Computational agents support humans in many areas of life and are therefore found in heterogeneous contexts. This means they operate in rapidly changing environments and can be confronted with huge state and action spaces. In order to perform services and carry out activities in a goal-oriented manner, agents require prior knowledge and therefore have to develop and pursue context-dependent policies. However, prescribing policies in advance is limited and inflexible, especially in dynamically changing environments. Moreover, the context of an agent determines its choice of actions. Since the environments can be stochastic and complex in terms of the number of states and feasible actions, activities are usually modelled in a simplified way by Markov decision processes so that, e.g., agents with reinforcement learning are able to learn policies, that help to capture the context and act accordingly to optimally perform activities. However, training policies for all possible contexts using reinforcement learning is time-consuming. A requirement and challenge for agents is to learn strategies quickly and respond immediately in cross-context environments and applications, e.g., the Internet, service robotics, cyber-physical systems. In this work, we propose a novel simulation-based approach that enables a) the representation of heterogeneous contexts through knowledge graphs and entity embeddings and b) the context-aware composition of policies on demand by ensembles of agents running in parallel. The evaluation we conducted with the "Virtual Home" dataset indicates that agents with a need to switch seamlessly between different contexts, can request on-demand composed policies that lead to the successful completion of context-appropriate activities without having to learn these policies in lengthy training steps and episodes, in contrast to agents that use reinforcement learning.

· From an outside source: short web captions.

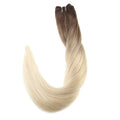 Double Weft European Virgin Ombre Balayage Color Wholesale Human Remy Hair Wef Hair Weaving Extensions
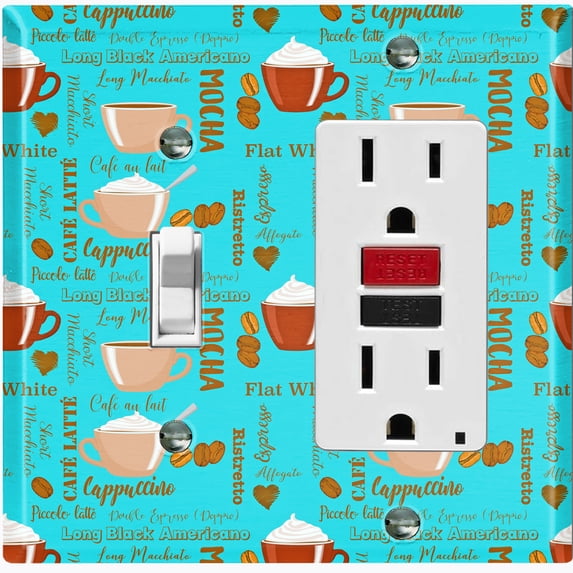 Metal Light Switch Wall Plate Outlet Cover (Mocha Coffee Bean Espresso Cup Cappuccino Teal - Single Toggle Single Rocker)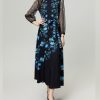 Peacock Blue Flower Front Piece Heavy Industry Manual Bead Long Sleeve Dress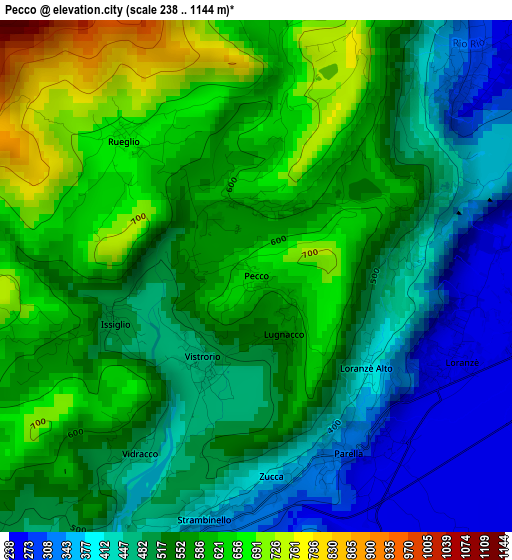 Pecco elevation map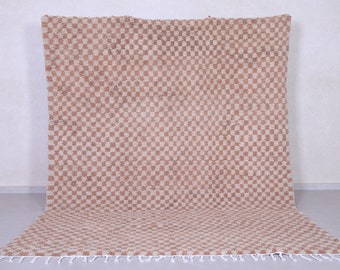 Checkered moroccan rug - Moroccan rug checkered - Berber rug - Handmade rug - Moroccan rug - Checkered rug beni ourain - Peach and cream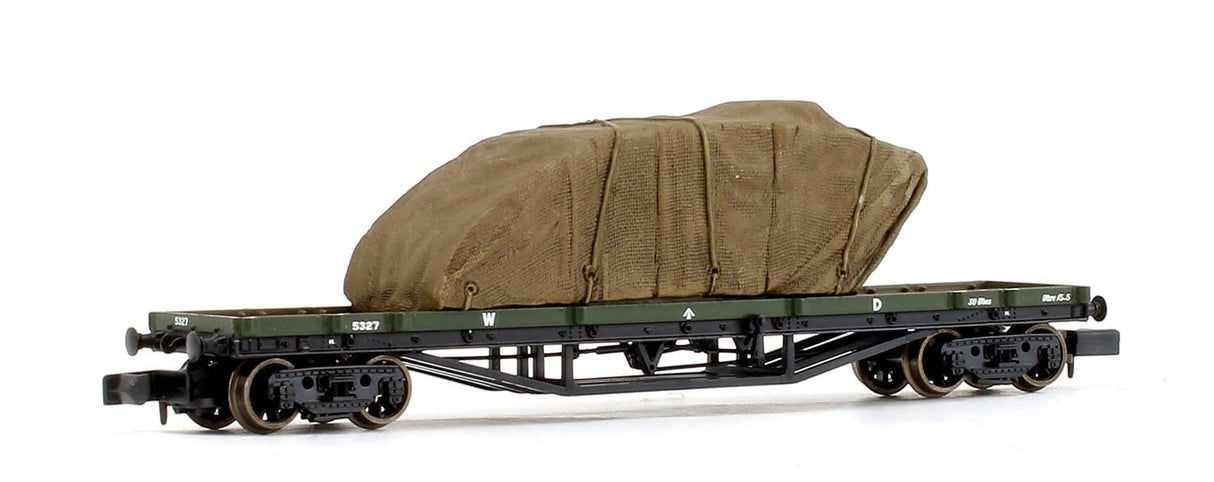 Graham Farish N 30T Bogie Bolster WD Khaki Green with Sheeted Tank Load Graham Farish TRAINS - N SCALE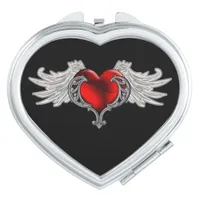 Goth Heart with Angel Wings Compact Mirror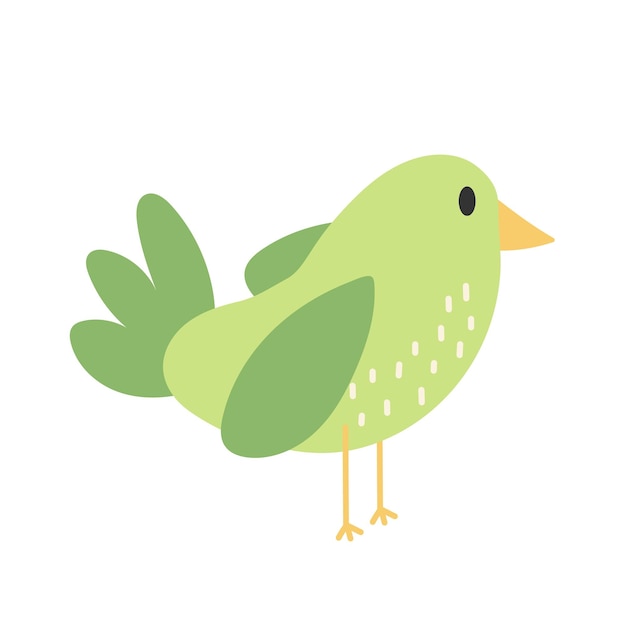 Cute bird animal  cartoon vector in hand drawn simple style on white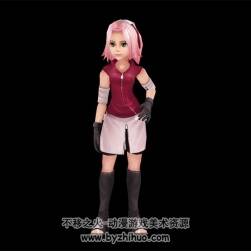 火影忍者 春野櫻 3D模型 有綁定和伸懶腰的動作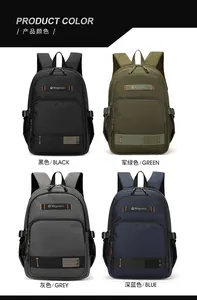 Detail showing versatile backpack colors in black, green, grey, and blue options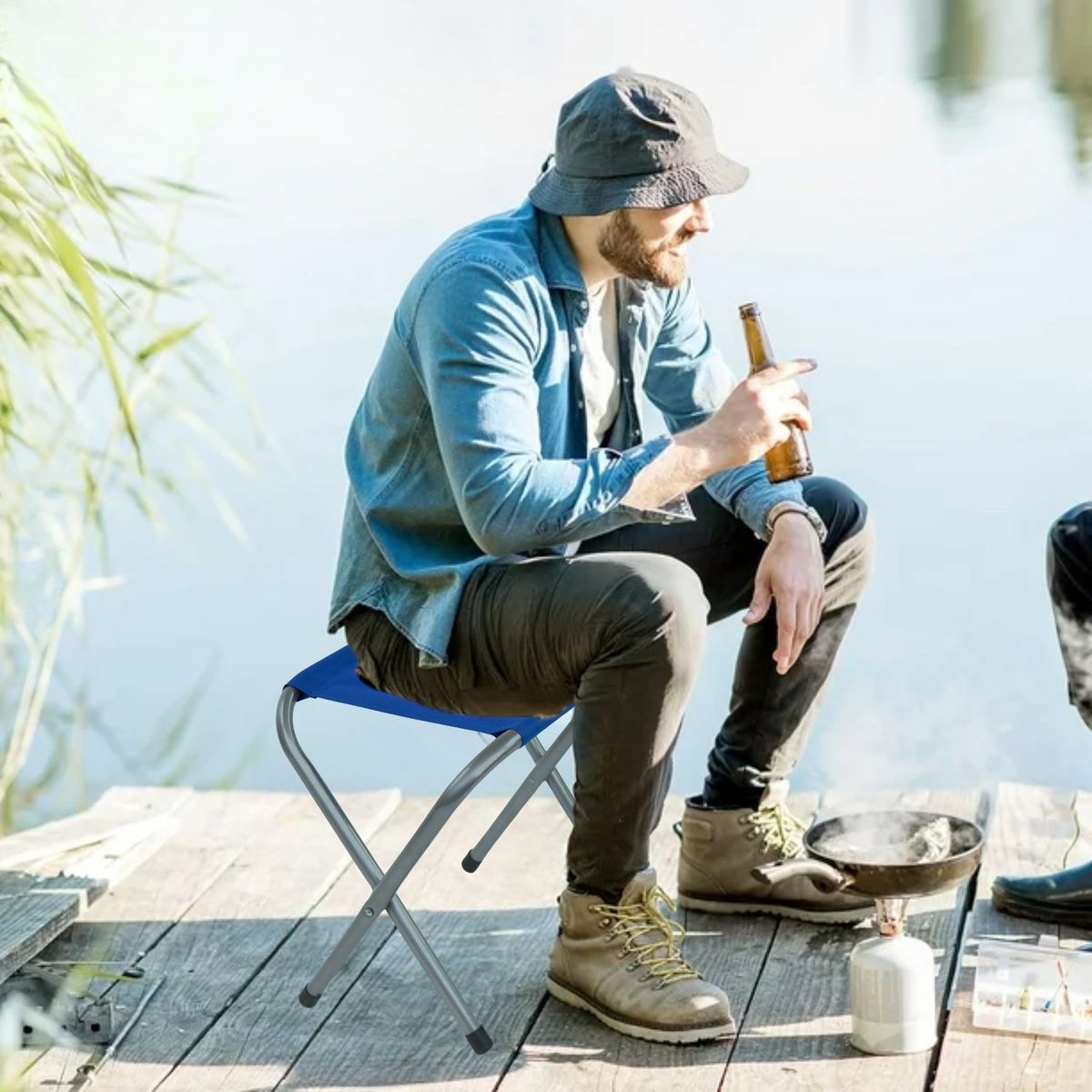 SANTU HOME & DECO - Silla Plegable Para Camping Portatil Azul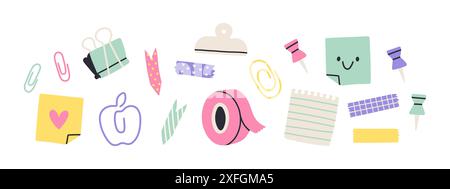 Set di cancelleria piatto. Prendere nota di foglio, adesivo e nastro adesivo, perno a pressione, graffetta. Scheda modello per organizzatore bambini stampabile Illustrazione Vettoriale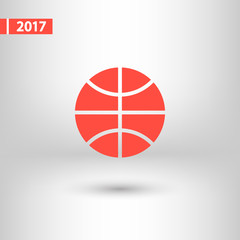 Naklejka premium Basketball icon, vector illustration. Flat design style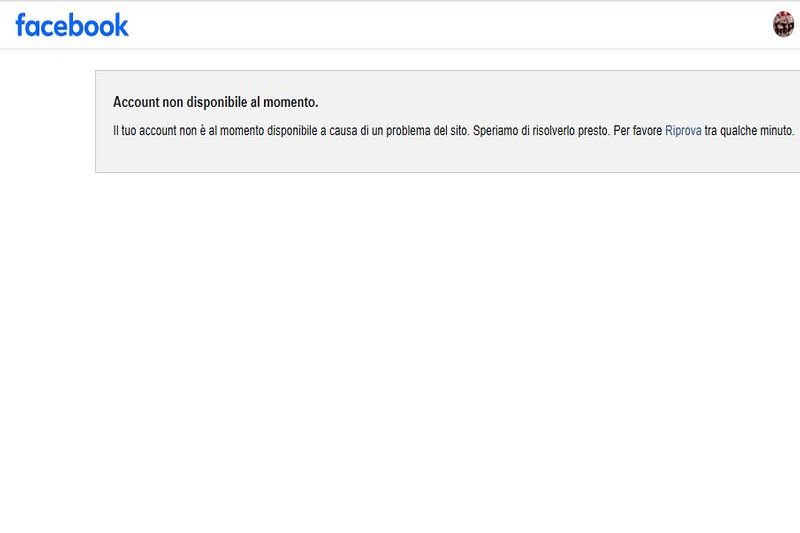 Errore Facebook: «il tuo account non è al momento disponibile»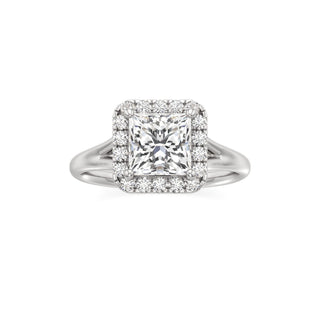 Split Plain Halo Round Engagement Ring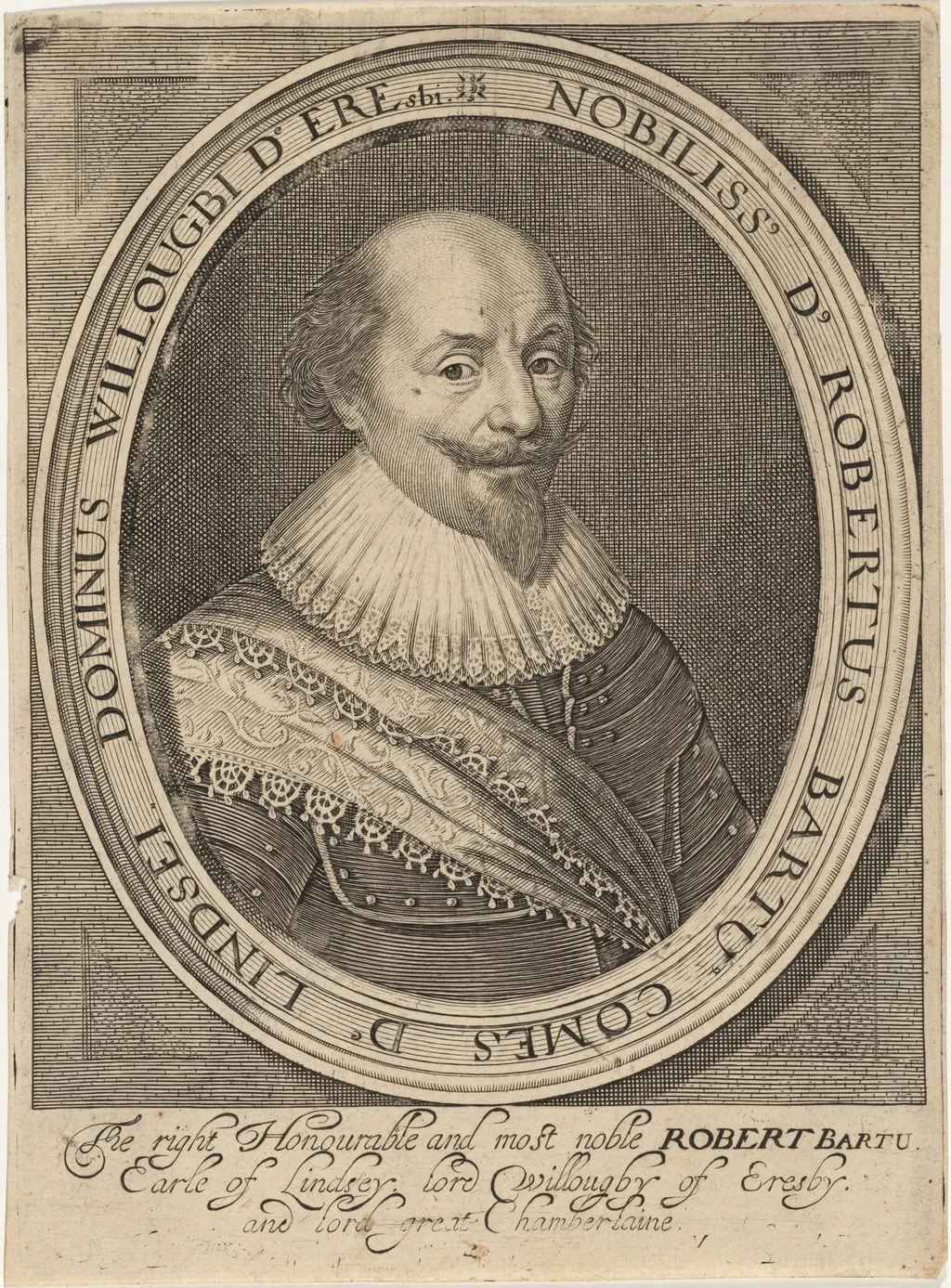 Robert Bertie, First Earl of Lindsey, by Robert van Voerst, ink, 1616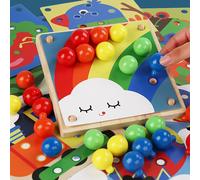 Panneau De Mosaïque À Clous En Forme De Champignon En Bois, Jouets Éducatifs Créatifs, Puzzle De Boutons, Art Pour Bébé De Plus De 3 Ans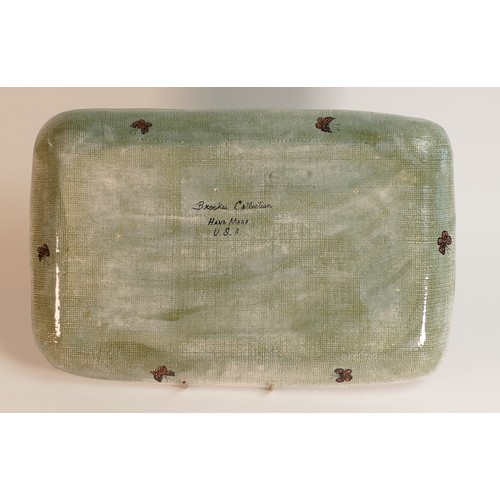 24 - Frank Brookes USA Studio design rectangular tray painted with Orchids and Butterflies. Diameter: 45c... 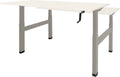 Dextro zit/sta hoogte slinger verstelbare Duo werkplek, bladmaat 2 x 160 x 80 cm., frame kleur aluminium RAL 9006 blad 25 mm. melamine Schaduwzwart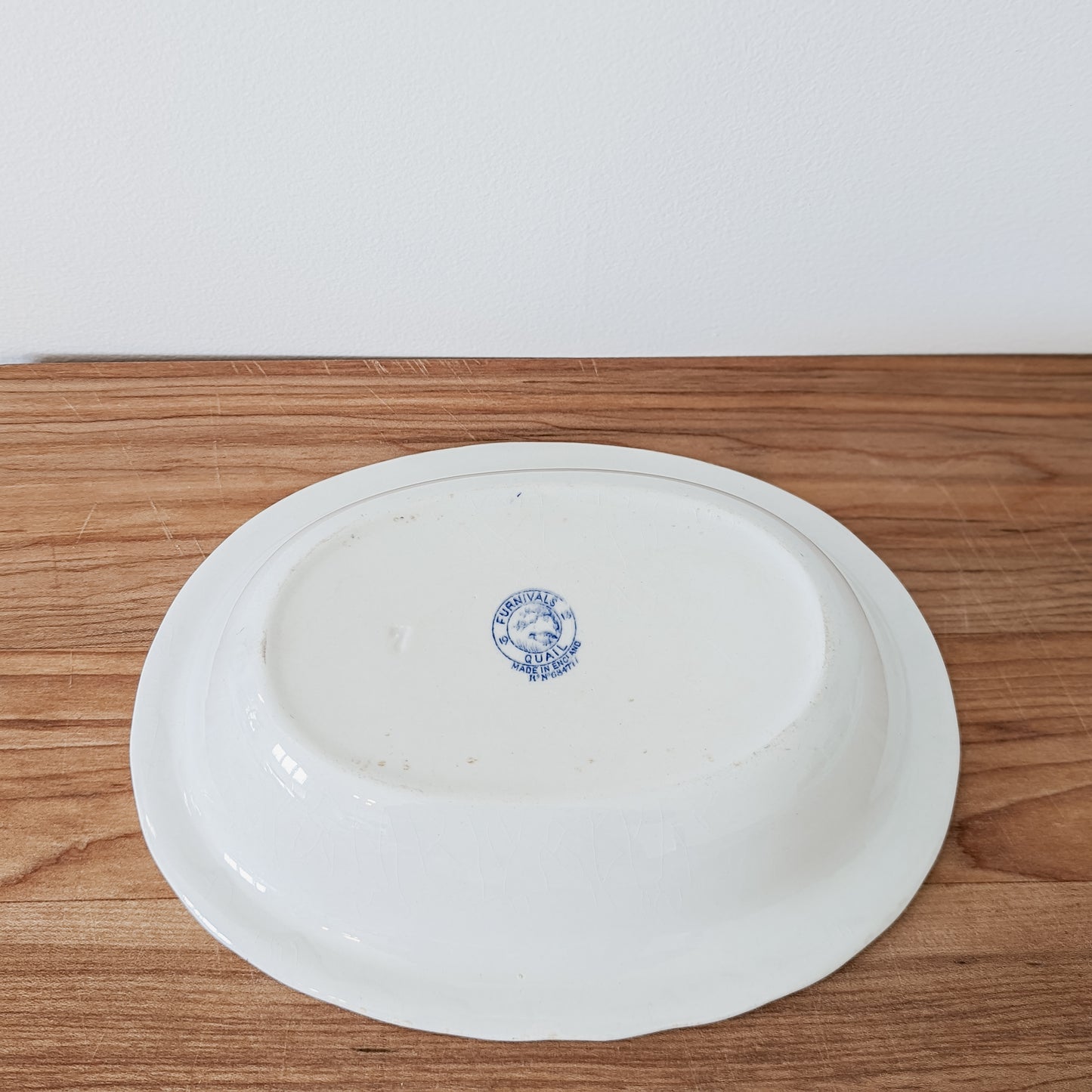 Furnivals Blue "Quail" Oval Serving Bowl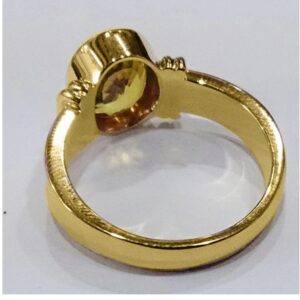 18 Kt  Yellow Gold Natural Certifified Yellow Sapphire Men'S Ring 7 Gm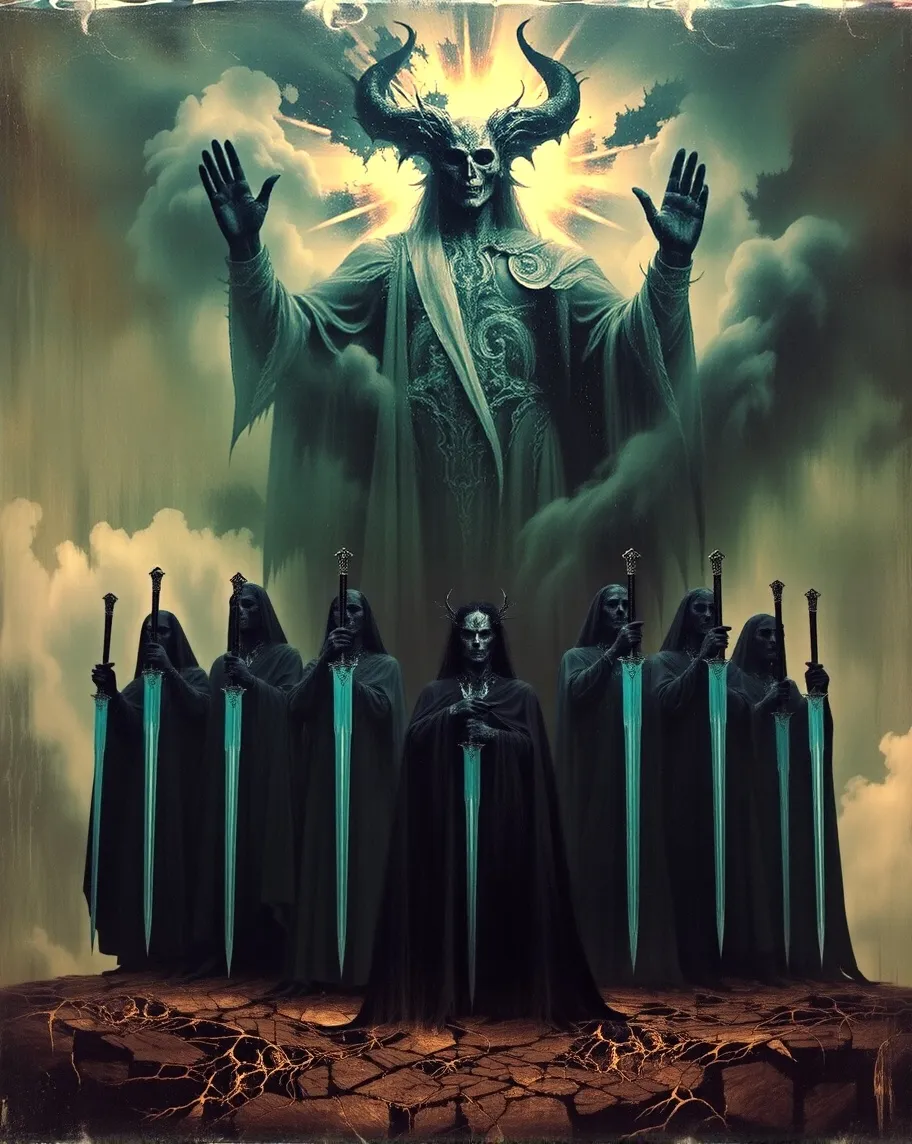 *The Nine Black Riders* - Free AI Photo Generator - starryai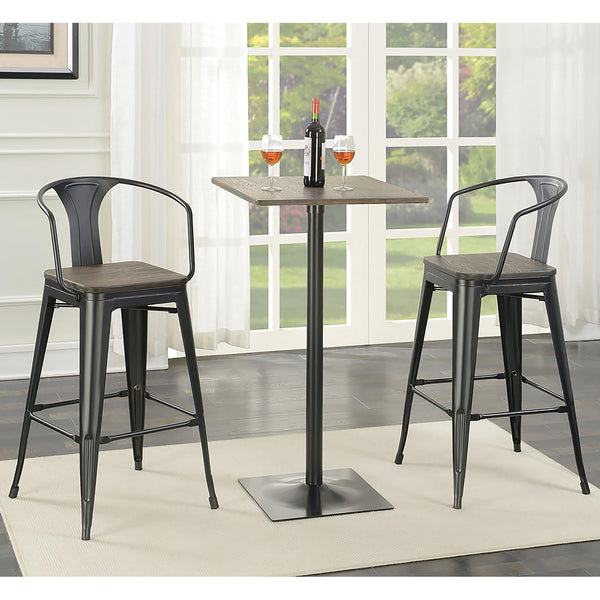 English Elm Dark Elm Industrial Bar Stool Set of 2 — Matte Black Metal Frame, Elm Wood Seat, 41.5"H Durable Stylish Seating B062P153516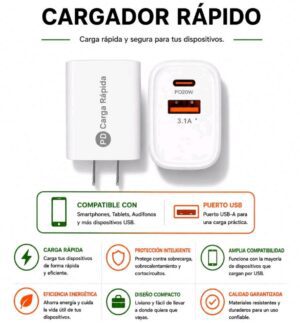 Cargador Rápido 1Hora Doble Puerto – PD 20W + USB-A (3.1A) | Carga Segura y Eficiente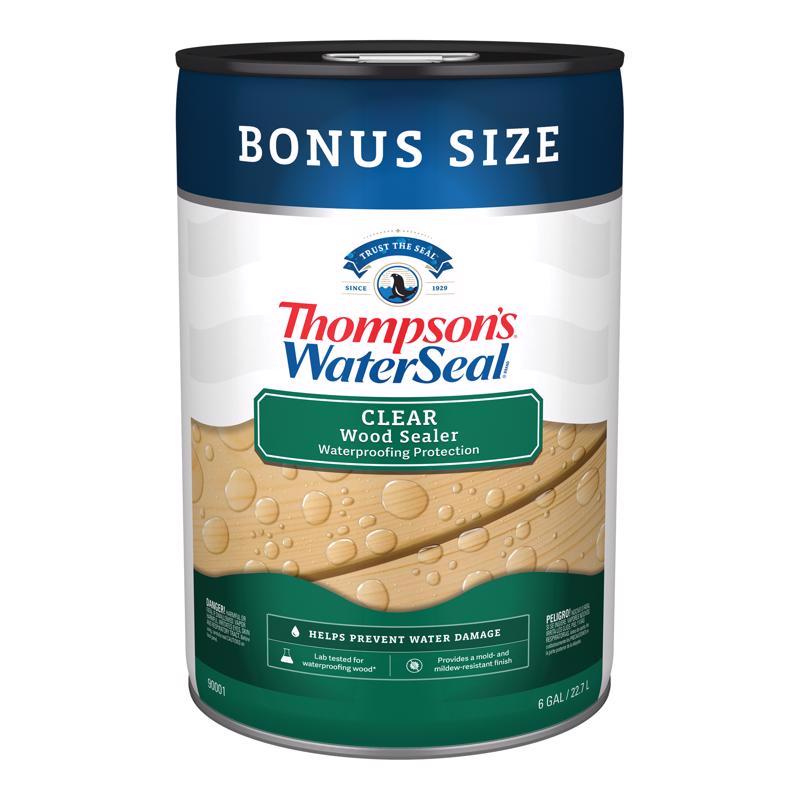 THOMPSON'S WATERSEAL - Thompson's WaterSeal Clear Wood Sealer Clear Oil-Based Wood Sealant 6 gal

翻译：计算智能体在人类生活的诸多领域提供支持，因此常处于异构环境中。这意味着它们需在快速变化的环境中运行，并可能面临庞大的状态空间与动作空间。为以目标导向的方式执行服务与活动，智能体需具备先验知识，从而制定并遵循依赖上下文的策略。然而，在动态变化的环境中，预先指定策略具有局限性与僵化性。此外，智能体的上下文决定了其动作选择。由于环境可能具有随机性，且状态与可行动作数量复杂，活动通常以马尔可夫决策过程进行简化建模，例如采用强化学习的智能体能学习策略，从而捕获上下文并据此执行最优活动。但使用强化学习为所有可能的上下文训练策略耗时巨大。智能体面临的需求与挑战在于：需在跨上下文环境与应用（如互联网、服务机器人、信息物理系统）中快速学习策略并即时响应。本文提出一种基于仿真的新方法，可实现：a) 通过知识图谱与实体嵌入表示异构上下文，以及b) 通过并行运行的智能体集成按需进行上下文感知的策略组合。我们基于"Virtual Home"数据集开展的评估表明：与使用强化学习的智能体不同，需在不同上下文间无缝切换的智能体可请求按需组合的策略，从而在不经过漫长训练步骤与回合的情况下成功完成上下文适配的活动。